Tension Grips Northeastern India as at Least 13 Civilians 'Accidentally' Killed by Security Forces
07:14 GMT 05.12.2021 (Updated: 18:28 GMT 03.11.2022)
The National Socialist Council of Nagaland (NSCN) is a Naga nationalist separatist group operating in northeastern India. In 2015, it was designated a terrorist organisation under the Unlawful Activities (Prevention) Act after it ambushed an Indian Army convoy in Manipur and killed 18 army personnel.
Tension has gripped the Indian state of Nagaland after a group of at least 13
civilians travelling in a mini truck were killed in a firing incident
in the Oting area of the state on Saturday night.
The security forces reportedly mistook the victims for National Socialist Council of Nagaland militants and ambushed them.
After the incident, the Indian Army's 3 Corps in Nagaland issued a statement saying that "based on credible intelligence of [the] likely movement of insurgents, a specific operation was planned to be conducted in the area of Tiru, Mon district, Nagaland".
The Indian Army expressed regret over the incident and its aftermath while saying that the security forces also suffered severe injuries, including one soldier who succumbed to his injuries.
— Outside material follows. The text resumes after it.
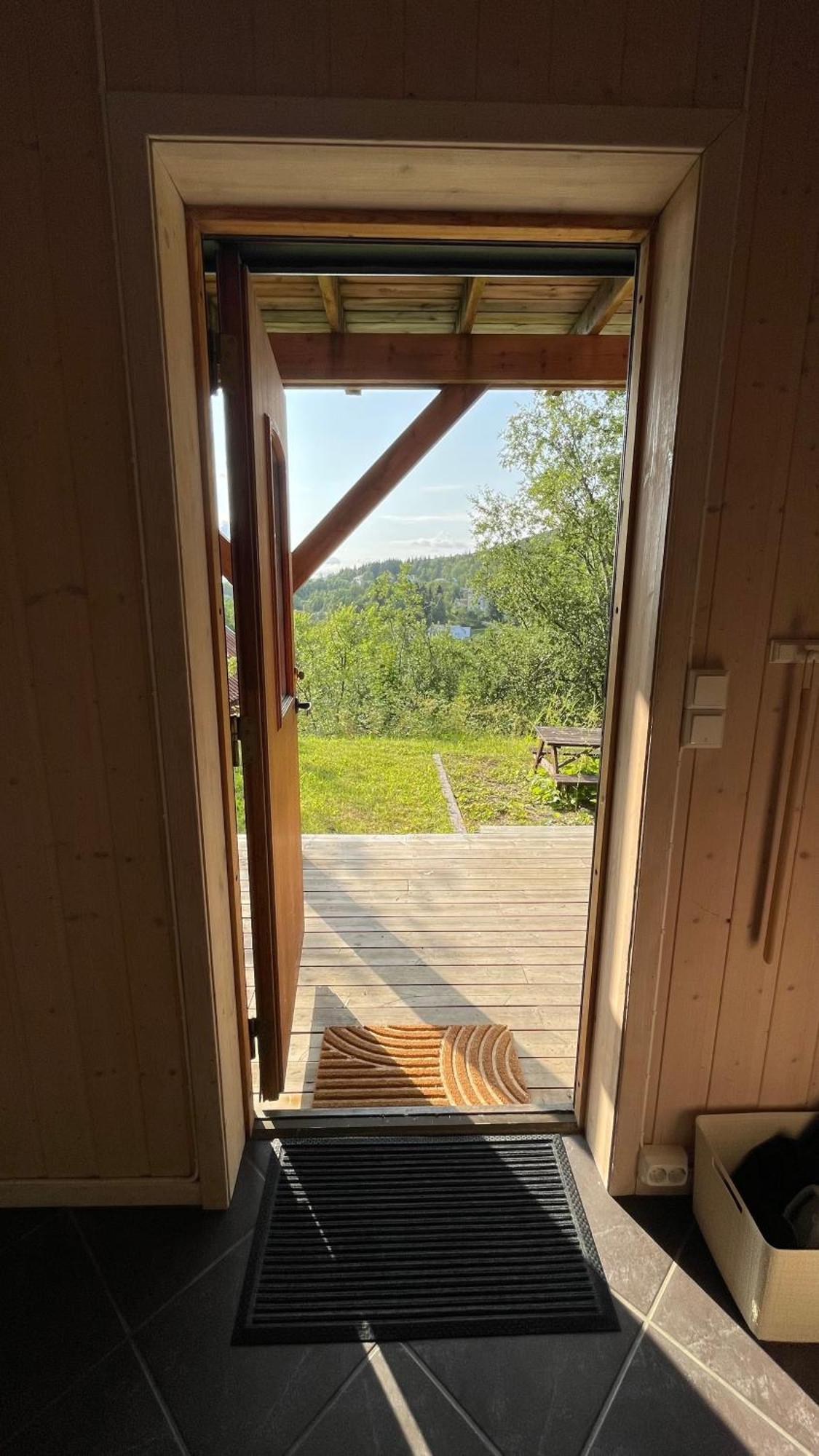 Sentral Og Romslig Leilighet Naert Senja Finnsnes Extérieur photo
Angry locals were said to have set some vehicles, reportedly belonging to the security forces, on fire after the incident.
Reacting to the incident, Nagaland Chief Minister Neiphiu Rio said it was "highly condemnable" and a "high-level" special investigation team would probe the case to ensure "justice is delivered". He appealed for peace from all sections of society.
Federal Home Minister Amit Shah
also tweeted on Sunday morning to express his condolences to the families of the deceased.
Criticising the incident, the Eastern Nagaland Peoples' Organisation (ENPO) has decided to withdraw from the annual Hornbill Festival, which is ongoing in the Kisama area near the state capital Kohima.
ENPO is the apex body of the Konyak, Chang, Sangtam, Khiamniungan, Yimchunger, and Phom tribes. Demanding action against the security personnel, a Konyak tribe leader said: "How can we dance at the festival when our people are getting killed?"
The Hornbill Festival is celebrated in Nagaland to protect and promote its rich culture, to revive the traditions of the state, to promote inter-tribal interaction, and to promote tourism in the state by helping tourists experience the customs, food, songs, and dances of Nagaland.